[SOURCE MATERIAL]

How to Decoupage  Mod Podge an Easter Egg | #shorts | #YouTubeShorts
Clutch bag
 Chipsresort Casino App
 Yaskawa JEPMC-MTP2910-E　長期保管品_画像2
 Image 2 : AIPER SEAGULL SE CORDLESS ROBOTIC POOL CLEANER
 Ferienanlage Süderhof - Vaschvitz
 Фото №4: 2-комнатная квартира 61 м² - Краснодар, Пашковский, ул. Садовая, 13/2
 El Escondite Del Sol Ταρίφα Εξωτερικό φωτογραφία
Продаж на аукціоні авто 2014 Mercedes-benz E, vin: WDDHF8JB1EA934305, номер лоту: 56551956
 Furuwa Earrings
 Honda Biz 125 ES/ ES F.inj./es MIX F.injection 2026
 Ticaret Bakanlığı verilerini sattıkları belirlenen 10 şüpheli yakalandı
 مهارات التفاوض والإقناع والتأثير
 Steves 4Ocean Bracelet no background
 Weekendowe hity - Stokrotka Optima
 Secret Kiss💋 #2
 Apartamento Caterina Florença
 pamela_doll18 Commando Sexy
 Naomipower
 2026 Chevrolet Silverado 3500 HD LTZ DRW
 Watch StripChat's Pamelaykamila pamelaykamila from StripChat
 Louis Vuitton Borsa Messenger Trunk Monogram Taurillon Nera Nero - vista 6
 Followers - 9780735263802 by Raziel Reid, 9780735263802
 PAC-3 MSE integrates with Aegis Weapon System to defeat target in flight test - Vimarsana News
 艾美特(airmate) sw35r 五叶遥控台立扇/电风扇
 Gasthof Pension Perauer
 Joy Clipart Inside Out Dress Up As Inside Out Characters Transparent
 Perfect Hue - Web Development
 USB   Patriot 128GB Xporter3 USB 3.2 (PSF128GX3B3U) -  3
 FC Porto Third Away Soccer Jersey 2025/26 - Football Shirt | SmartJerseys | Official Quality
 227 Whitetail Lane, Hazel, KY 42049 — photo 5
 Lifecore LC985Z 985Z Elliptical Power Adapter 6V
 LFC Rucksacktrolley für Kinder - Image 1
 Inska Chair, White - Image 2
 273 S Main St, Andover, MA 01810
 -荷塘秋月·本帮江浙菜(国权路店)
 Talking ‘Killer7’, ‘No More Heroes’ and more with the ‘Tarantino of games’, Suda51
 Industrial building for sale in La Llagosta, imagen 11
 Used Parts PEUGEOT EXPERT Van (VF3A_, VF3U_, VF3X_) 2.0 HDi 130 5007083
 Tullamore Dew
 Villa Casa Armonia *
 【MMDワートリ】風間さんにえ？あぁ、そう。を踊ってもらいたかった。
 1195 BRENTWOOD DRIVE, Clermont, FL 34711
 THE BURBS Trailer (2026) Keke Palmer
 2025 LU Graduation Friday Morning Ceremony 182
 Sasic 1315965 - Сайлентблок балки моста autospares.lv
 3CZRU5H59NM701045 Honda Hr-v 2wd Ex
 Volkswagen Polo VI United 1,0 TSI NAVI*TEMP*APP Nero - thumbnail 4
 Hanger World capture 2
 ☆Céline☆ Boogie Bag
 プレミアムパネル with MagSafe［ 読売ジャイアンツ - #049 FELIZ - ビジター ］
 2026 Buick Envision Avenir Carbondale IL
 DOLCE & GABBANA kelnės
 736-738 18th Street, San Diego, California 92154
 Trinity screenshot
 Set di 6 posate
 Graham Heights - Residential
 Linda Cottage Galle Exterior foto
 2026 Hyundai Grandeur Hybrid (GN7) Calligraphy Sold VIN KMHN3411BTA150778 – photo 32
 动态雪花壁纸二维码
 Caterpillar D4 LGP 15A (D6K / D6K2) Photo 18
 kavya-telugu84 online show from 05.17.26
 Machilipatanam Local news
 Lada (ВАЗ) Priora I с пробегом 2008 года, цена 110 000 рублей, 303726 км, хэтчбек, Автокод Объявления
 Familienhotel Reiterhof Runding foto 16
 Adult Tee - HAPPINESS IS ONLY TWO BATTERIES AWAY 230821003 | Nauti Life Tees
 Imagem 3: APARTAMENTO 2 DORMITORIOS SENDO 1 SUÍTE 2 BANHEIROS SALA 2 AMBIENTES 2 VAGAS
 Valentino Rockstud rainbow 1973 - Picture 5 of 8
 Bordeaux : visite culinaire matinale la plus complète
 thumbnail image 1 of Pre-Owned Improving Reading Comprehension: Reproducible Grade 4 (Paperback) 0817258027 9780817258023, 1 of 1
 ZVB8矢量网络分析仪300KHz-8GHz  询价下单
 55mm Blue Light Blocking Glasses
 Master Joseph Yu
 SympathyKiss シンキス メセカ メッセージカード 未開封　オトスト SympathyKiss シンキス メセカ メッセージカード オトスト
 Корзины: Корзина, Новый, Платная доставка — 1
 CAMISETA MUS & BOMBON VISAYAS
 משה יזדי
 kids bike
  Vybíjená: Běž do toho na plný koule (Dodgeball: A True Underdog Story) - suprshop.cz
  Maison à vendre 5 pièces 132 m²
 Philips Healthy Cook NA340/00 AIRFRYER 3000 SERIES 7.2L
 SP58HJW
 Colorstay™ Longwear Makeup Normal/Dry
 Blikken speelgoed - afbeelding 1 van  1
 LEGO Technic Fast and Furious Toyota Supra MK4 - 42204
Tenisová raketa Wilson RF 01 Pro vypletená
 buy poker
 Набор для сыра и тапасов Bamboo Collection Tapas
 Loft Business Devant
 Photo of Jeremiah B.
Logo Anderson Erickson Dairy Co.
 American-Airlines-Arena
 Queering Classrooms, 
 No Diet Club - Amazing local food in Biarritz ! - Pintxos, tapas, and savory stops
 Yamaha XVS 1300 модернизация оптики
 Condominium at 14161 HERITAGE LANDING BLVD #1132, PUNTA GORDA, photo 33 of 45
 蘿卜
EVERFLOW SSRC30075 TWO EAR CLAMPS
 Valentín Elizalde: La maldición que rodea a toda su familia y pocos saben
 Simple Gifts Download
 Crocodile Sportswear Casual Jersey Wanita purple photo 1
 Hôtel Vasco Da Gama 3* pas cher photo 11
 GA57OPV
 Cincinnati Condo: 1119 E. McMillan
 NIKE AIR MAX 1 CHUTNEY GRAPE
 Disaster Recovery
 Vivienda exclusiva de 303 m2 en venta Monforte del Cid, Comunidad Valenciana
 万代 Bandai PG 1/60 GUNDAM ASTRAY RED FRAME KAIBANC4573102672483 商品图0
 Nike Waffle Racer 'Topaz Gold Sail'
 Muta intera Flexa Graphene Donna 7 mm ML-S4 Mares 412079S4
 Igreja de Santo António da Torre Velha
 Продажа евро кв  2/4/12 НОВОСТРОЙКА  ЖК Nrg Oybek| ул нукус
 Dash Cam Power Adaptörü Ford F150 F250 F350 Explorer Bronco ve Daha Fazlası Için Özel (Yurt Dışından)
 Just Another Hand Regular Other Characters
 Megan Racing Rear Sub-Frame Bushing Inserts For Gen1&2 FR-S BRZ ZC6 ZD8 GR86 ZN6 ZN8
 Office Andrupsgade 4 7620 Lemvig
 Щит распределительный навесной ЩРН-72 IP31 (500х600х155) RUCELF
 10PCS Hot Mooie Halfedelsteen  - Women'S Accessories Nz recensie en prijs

[/SOURCE MATERIAL]

▶ _AIM OF THE TASK_
All of the entries, from the first line to the last, should be duplicated exactly.

▶ _RESULT OF THE TASK_
How to Decoupage  Mod Podge an Easter Egg | #shorts | #YouTubeShorts
Clutch bag
 Chipsresort Casino App
 Yaskawa JEPMC-MTP2910-E　長期保管品_画像2
 Image 2 : AIPER SEAGULL SE CORDLESS ROBOTIC POOL CLEANER
 Ferienanlage Süderhof - Vaschvitz
 Фото №4: 2-комнатная квартира 61 м² - Краснодар, Пашковский, ул. Садовая, 13/2
 El Escondite Del Sol Ταρίφα Εξωτερικό φωτογραφία
Продаж на аукціоні авто 2014 Mercedes-benz E, vin: WDDHF8JB1EA934305, номер лоту: 56551956
 Furuwa Earrings
 Honda Biz 125 ES/ ES F.inj./es MIX F.injection 2026
 Ticaret Bakanlığı verilerini sattıkları belirlenen 10 şüpheli yakalandı
 مهارات التفاوض والإقناع والتأثير
 Steves 4Ocean Bracelet no background
 Weekendowe hity - Stokrotka Optima
 Secret Kiss💋 #2
 Apartamento Caterina Florença
 pamela_doll18 Commando Sexy
 Naomipower
 2026 Chevrolet Silverado 3500 HD LTZ DRW
 Watch StripChat's Pamelaykamila pamelaykamila from StripChat
 Louis Vuitton Borsa Messenger Trunk Monogram Taurillon Nera Nero - vista 6
 Followers - 9780735263802 by Raziel Reid, 9780735263802
 PAC-3 MSE integrates with Aegis Weapon System to defeat target in flight test - Vimarsana News
 艾美特(airmate) sw35r 五叶遥控台立扇/电风扇
 Gasthof Pension Perauer
 Joy Clipart Inside Out Dress Up As Inside Out Characters Transparent
 Perfect Hue - Web Development
 USB   Patriot 128GB Xporter3 USB 3.2 (PSF128GX3B3U) -  3
 FC Porto Third Away Soccer Jersey 2025/26 - Football Shirt | SmartJerseys | Official Quality
 227 Whitetail Lane, Hazel, KY 42049 — photo 5
 Lifecore LC985Z 985Z Elliptical Power Adapter 6V
 LFC Rucksacktrolley für Kinder - Image 1
 Inska Chair, White - Image 2
 273 S Main St, Andover, MA 01810
 -荷塘秋月·本帮江浙菜(国权路店)
 Talking ‘Killer7’, ‘No More Heroes’ and more with the ‘Tarantino of games’, Suda51
 Industrial building for sale in La Llagosta, imagen 11
 Used Parts PEUGEOT EXPERT Van (VF3A_, VF3U_, VF3X_) 2.0 HDi 130 5007083
 Tullamore Dew
 Villa Casa Armonia *
 【MMDワートリ】風間さんにえ？あぁ、そう。を踊ってもらいたかった。
 1195 BRENTWOOD DRIVE, Clermont, FL 34711
 THE BURBS Trailer (2026) Keke Palmer
 2025 LU Graduation Friday Morning Ceremony 182
 Sasic 1315965 - Сайлентблок балки моста autospares.lv
 3CZRU5H59NM701045 Honda Hr-v 2wd Ex
 Volkswagen Polo VI United 1,0 TSI NAVI*TEMP*APP Nero - thumbnail 4
 Hanger World capture 2
 ☆Céline☆ Boogie Bag
 プレミアムパネル with MagSafe［ 読売ジャイアンツ - #049 FELIZ - ビジター ］
 2026 Buick Envision Avenir Carbondale IL
 DOLCE & GABBANA kelnės
 736-738 18th Street, San Diego, California 92154
 Trinity screenshot
 Set di 6 posate
 Graham Heights - Residential
 Linda Cottage Galle Exterior foto
 2026 Hyundai Grandeur Hybrid (GN7) Calligraphy Sold VIN KMHN3411BTA150778 – photo 32
 动态雪花壁纸二维码
 Caterpillar D4 LGP 15A (D6K / D6K2) Photo 18
 kavya-telugu84 online show from 05.17.26
 Machilipatanam Local news
 Lada (ВАЗ) Priora I с пробегом 2008 года, цена 110 000 рублей, 303726 км, хэтчбек, Автокод Объявления
 Familienhotel Reiterhof Runding foto 16
 Adult Tee - HAPPINESS IS ONLY TWO BATTERIES AWAY 230821003 | Nauti Life Tees
 Imagem 3: APARTAMENTO 2 DORMITORIOS SENDO 1 SUÍTE 2 BANHEIROS SALA 2 AMBIENTES 2 VAGAS
 Valentino Rockstud rainbow 1973 - Picture 5 of 8
 Bordeaux : visite culinaire matinale la plus complète
 thumbnail image 1 of Pre-Owned Improving Reading Comprehension: Reproducible Grade 4 (Paperback) 0817258027 9780817258023, 1 of 1
 ZVB8矢量网络分析仪300KHz-8GHz  询价下单
 55mm Blue Light Blocking Glasses
 Master Joseph Yu
 SympathyKiss シンキス メセカ メッセージカード 未開封　オトスト SympathyKiss シンキス メセカ メッセージカード オトスト
 Корзины: Корзина, Новый, Платная доставка — 1
 CAMISETA MUS & BOMBON VISAYAS
 משה יזדי
 kids bike
  Vybíjená: Běž do toho na plný koule (Dodgeball: A True Underdog Story) - suprshop.cz
  Maison à vendre 5 pièces 132 m²
 Philips Healthy Cook NA340/00 AIRFRYER 3000 SERIES 7.2L
 SP58HJW
 Colorstay™ Longwear Makeup Normal/Dry
 Blikken speelgoed - afbeelding 1 van  1
 LEGO Technic Fast and Furious Toyota Supra MK4 - 42204
Tenisová raketa Wilson RF 01 Pro vypletená
 buy poker
 Набор для сыра и тапасов Bamboo Collection Tapas
 Loft Business Devant
 Photo of Jeremiah B.
Logo Anderson Erickson Dairy Co.
 American-Airlines-Arena
 Queering Classrooms, 
 No Diet Club - Amazing local food in Biarritz ! - Pintxos, tapas, and savory stops
 Yamaha XVS 1300 модернизация оптики
 Condominium at 14161 HERITAGE LANDING BLVD #1132, PUNTA GORDA, photo 33 of 45
 蘿卜
EVERFLOW SSRC30075 TWO EAR CLAMPS
 Valentín Elizalde: La maldición que rodea a toda su familia y pocos saben
 Simple Gifts Download
 Crocodile Sportswear Casual Jersey Wanita purple photo 1
 Hôtel Vasco Da Gama 3* pas cher photo 11
 GA57OPV
 Cincinnati Condo: 1119 E. McMillan
 NIKE AIR MAX 1 CHUTNEY GRAPE
 Disaster Recovery
 Vivienda exclusiva de 303 m2 en venta Monforte del Cid, Comunidad Valenciana
 万代 Bandai PG 1/60 GUNDAM ASTRAY RED FRAME KAIBANC4573102672483 商品图0
 Nike Waffle Racer 'Topaz Gold Sail'
 Muta intera Flexa Graphene Donna 7 mm ML-S4 Mares 412079S4
 Igreja de Santo António da Torre Velha
 Продажа евро кв  2/4/12 НОВОСТРОЙКА  ЖК Nrg Oybek| ул нукус
 Dash Cam Power Adaptörü Ford F150 F250 F350 Explorer Bronco ve Daha Fazlası Için Özel (Yurt Dışından)
 Just Another Hand Regular Other Characters
 Megan Racing Rear Sub-Frame Bushing Inserts For Gen1&2 FR-S BRZ ZC6 ZD8 GR86 ZN6 ZN8
 Office Andrupsgade 4 7620 Lemvig
 Щит распределительный навесной ЩРН-72 IP31 (500х600х155) RUCELF
 10PCS Hot Mooie Halfedelsteen  - Women'S Accessories Nz recensie en prijs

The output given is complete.